Efforts like these have already surfaced promising pharmaceutical options with one of the most famous examples being the anti-cancer class of drugs called taxanes, which are associated with microbes living inside a plant. Together, bacteria and fungi from plants have yielded an enormous range of drugs and promising bioactive compounds.
“There is amazing, very complicated chemistry performed by microbes in these plants,” Brown said. “Sometimes the chemical compound synthesis is performed synergistically with the microbes working together or microbes and hosts making it happen together.
“The new grant lets us address a basic question: How do microbes and hosts cooperate biochemically and synergistically to fight diseases?”
The idea will be to first discover protective microbe communities, then inoculate banana plants with these beneficial microbes and tease apart the complicated processes that provide the disease protection.

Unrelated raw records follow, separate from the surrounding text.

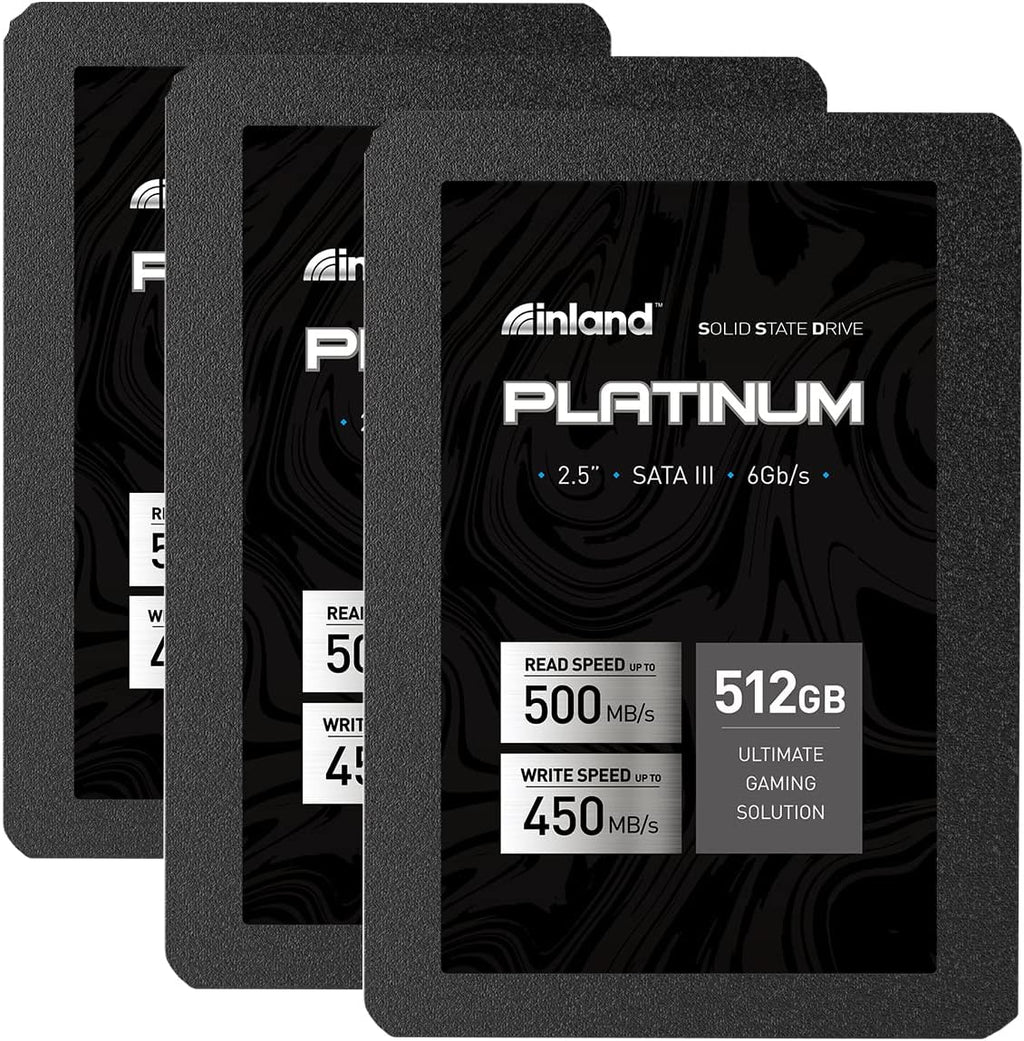 3 Pack 512GB SSD SATA III 2.5" Internal Solid State Drive S32581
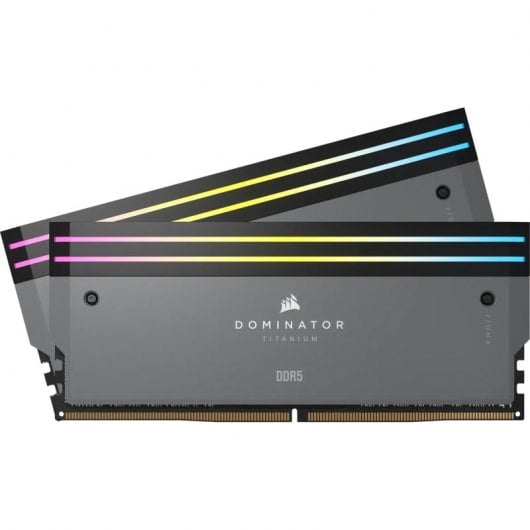 Corsair Dominator Titanium DDR5 6000MHz 64GB 2x32GB CL30 Memoria Dual AMD EXPO e Intel XMP Gris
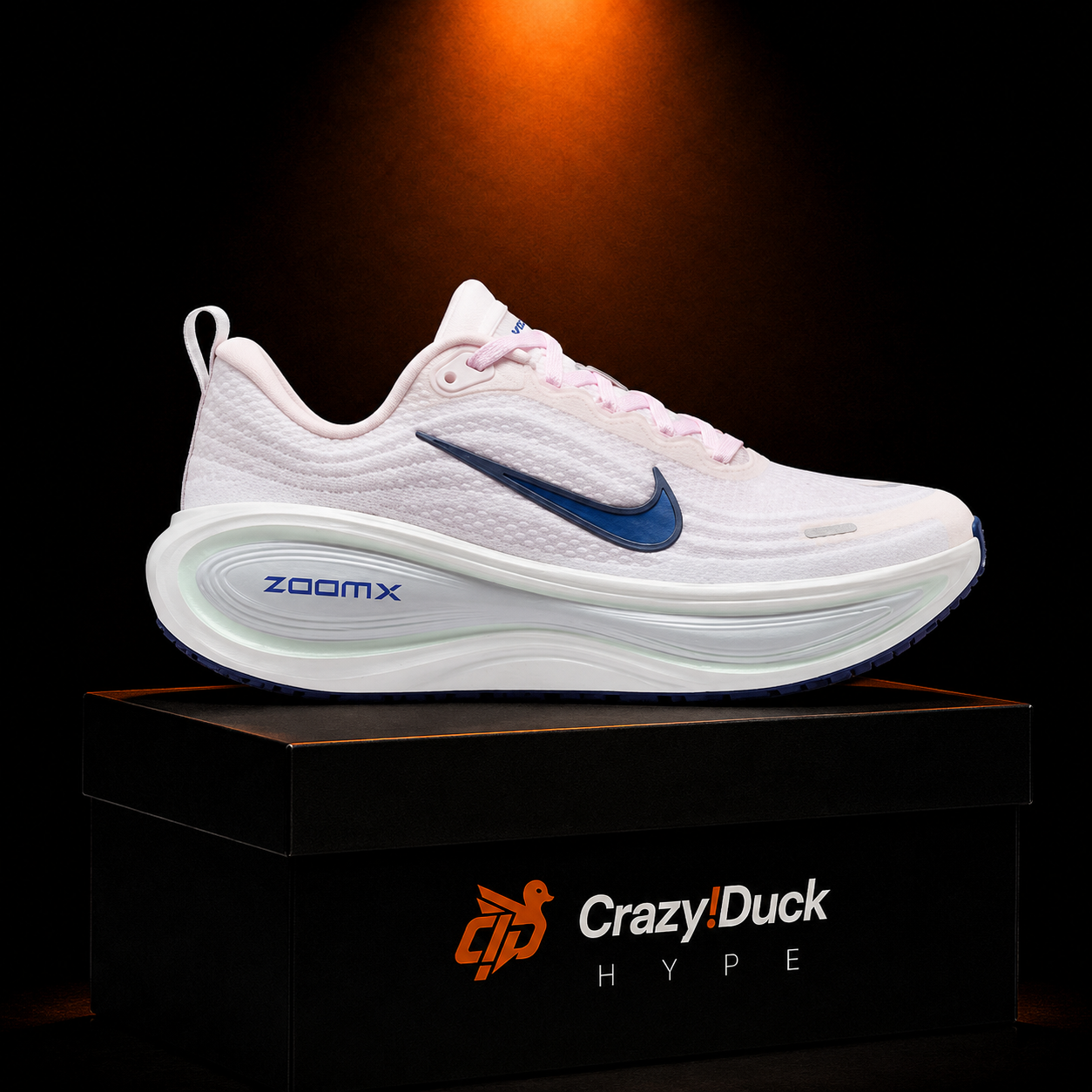 Nike Vomero Plus Midnight Navy Pearl Pink con empaque — Crazy!Duck Hype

The goal is to produce an inoculum that would specifically protect the Cavendish variety.
“Not all varieties of bananas are susceptible to the new ‘race 4’ pandemic,” Brown said, “but the commercial varieties are very susceptible. If it arrives in your plantation, all of your bananas will die. It wipes them out. It is quite serious, and there is no evidence the banana plant could suddenly evolve to resist this, and breeding is difficult given that banana does not have typical genomes. They are triploid and do not make seeds.”
To make matters worse, the fungi can spread easily in water and soil, not to mention the pathogen’s tiny spores finding their way to anything that moves between farms as part of the global farming and trade.
The research would have global implications. While bananas are not a major crop in the U.S., they are extremely important in a number of developing economies, which do not have funds for extensive and intricate research. For now, they primarily rely on fungicides that can often be ineffective or cause collateral damage.
“I am actually hoping for two things as a result of this research,” she said. “The first is that it would provide practical benefits for farmers, specifically banana farmers, to help protect their plants from disease in a more sustainable and less toxic way. Second, I am really interested in learning more about how organisms cooperate and form stable and adaptable disease-protection.”